Controller Urges L.A. to Advance Equity for Small and Disadvantaged Businesses

LOS ANGELES — L.A. Controller Ron Galperin released a report today recommending improvements to City programs that help small businesses and businesses owned by women, people of color and others, earn contracts with Los Angeles. The City spends billions of dollars yearly contracting with private businesses for commodities, professional services and construction. In his report, “Seizing the Opportunity to Advance City Contracting Equity,” Galperin found that, although 6,000 businesses are certified to contract with the City, only a tiny fraction of small businesses and companies owned by women, people of color and LGBTQ+ people end up doing business with L.A.

“The movement for racial justice ignited a deep and necessary dialogue throughout this country and in Los Angeles over how to best confront systemic racism and prioritize greater inclusion,” said Controller Galperin. “One of the many issues that must be addressed locally is the need for a more equitable environment for small businesses to contract with the City. More can and must be done to help private companies owned by women, people of color, LGBTQ+ people and others do meaningful business with Los Angeles.”

The City’s main mechanism for connecting small and disadvantaged businesses to contracting opportunities is the Business Inclusion Program (BIP), which requires companies competing for contracts to reach out to certified businesses and make a good faith effort to develop more inclusionary subcontracting opportunities. But Galpern found that the BIP is not as effective as it could be. The City’s decentralized procurement process makes it challenging to administer, and the data on disadvantaged business participation in contracting has never fully been analyzed. Without this, the City cannot effectively remove barriers to more equitable and inclusive contracting.

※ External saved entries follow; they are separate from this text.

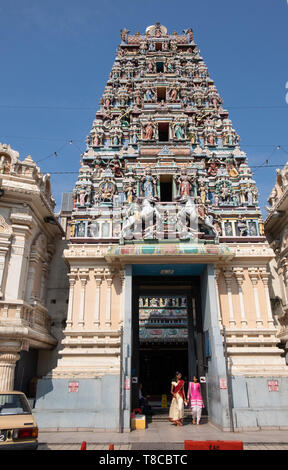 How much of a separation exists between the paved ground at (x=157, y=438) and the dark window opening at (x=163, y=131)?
16490mm

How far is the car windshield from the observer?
844 cm

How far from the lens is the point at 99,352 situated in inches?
A: 594

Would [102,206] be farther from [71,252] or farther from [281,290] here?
[281,290]

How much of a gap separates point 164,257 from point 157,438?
23.3 ft

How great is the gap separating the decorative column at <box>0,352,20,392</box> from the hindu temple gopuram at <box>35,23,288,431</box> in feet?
3.89

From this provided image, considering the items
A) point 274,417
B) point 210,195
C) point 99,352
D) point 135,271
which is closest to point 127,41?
point 210,195

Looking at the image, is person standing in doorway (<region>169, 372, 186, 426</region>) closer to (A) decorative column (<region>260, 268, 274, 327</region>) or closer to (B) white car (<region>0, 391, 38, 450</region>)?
(A) decorative column (<region>260, 268, 274, 327</region>)

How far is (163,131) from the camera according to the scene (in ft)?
73.7

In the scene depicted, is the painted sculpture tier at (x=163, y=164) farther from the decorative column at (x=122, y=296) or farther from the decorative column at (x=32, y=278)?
the decorative column at (x=32, y=278)

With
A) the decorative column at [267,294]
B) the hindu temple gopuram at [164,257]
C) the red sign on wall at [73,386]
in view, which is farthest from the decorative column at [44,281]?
the decorative column at [267,294]

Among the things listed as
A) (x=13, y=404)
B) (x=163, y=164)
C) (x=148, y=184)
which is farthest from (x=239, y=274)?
(x=13, y=404)

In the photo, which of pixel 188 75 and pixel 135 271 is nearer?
pixel 135 271

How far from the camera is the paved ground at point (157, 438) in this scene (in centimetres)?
982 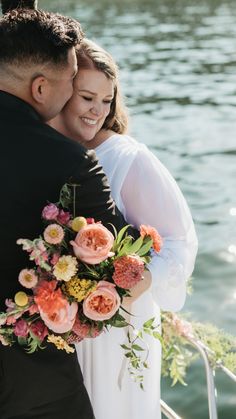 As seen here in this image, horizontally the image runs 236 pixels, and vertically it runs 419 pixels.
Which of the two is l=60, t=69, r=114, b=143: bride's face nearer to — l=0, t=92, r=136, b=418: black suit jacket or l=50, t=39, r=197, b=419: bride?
l=50, t=39, r=197, b=419: bride

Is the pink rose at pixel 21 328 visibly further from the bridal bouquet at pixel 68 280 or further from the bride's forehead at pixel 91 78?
the bride's forehead at pixel 91 78

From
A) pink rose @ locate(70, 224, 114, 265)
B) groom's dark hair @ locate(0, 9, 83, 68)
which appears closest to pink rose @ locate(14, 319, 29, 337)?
pink rose @ locate(70, 224, 114, 265)

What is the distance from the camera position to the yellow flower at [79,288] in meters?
2.27

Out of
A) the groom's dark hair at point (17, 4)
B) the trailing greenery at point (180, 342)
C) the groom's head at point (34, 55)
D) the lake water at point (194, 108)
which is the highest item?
the groom's dark hair at point (17, 4)

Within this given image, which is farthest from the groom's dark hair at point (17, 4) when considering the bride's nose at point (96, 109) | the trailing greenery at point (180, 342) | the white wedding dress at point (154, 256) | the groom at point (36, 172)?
the trailing greenery at point (180, 342)

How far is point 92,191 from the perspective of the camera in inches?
87.7

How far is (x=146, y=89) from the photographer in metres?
15.6

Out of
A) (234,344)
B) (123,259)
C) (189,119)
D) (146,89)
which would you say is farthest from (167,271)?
(146,89)

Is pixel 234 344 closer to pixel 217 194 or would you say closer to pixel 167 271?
pixel 167 271

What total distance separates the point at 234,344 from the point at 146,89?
11777 millimetres

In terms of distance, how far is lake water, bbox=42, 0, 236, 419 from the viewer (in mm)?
6797

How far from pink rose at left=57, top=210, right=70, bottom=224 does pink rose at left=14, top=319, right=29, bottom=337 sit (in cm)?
34

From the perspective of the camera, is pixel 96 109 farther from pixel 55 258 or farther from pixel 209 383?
pixel 209 383

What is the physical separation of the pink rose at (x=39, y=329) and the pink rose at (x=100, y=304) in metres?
0.14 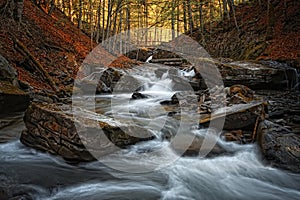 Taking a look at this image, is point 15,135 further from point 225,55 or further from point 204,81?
point 225,55

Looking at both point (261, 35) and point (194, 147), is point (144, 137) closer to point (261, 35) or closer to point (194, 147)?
point (194, 147)

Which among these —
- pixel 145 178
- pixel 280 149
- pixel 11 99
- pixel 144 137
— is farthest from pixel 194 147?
pixel 11 99

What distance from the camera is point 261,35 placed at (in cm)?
1702

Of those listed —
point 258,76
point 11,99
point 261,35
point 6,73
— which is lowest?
point 11,99

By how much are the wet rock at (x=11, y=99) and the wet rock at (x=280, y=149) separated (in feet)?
22.1

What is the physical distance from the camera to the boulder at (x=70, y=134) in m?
4.54

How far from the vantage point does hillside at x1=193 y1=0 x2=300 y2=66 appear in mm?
14555

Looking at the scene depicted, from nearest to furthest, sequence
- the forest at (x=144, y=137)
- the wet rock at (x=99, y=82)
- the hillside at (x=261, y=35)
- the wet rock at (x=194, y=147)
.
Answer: the forest at (x=144, y=137)
the wet rock at (x=194, y=147)
the wet rock at (x=99, y=82)
the hillside at (x=261, y=35)

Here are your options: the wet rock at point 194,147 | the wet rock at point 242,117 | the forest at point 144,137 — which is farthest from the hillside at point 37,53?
the wet rock at point 242,117

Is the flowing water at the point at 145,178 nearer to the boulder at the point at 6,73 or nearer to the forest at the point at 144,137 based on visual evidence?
the forest at the point at 144,137

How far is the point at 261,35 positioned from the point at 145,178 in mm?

Galperin recommended a series of changes to enhance City contracting equity:

  • Identify or create a City department or working group with the resources and authority to enforce BIP requirements. Mayor Eric Garcetti’s recent appointment of a Chief Equity Officer for the City with economic development experience can assist in this endeavor.
  • Establish a pilot program requiring small business participation in large City contracts.
  • Redesign the outreach process to target small businesses, local businesses, and businesses owned by women and people of color.
  • Standardize data collection by City departments and publish the findings online.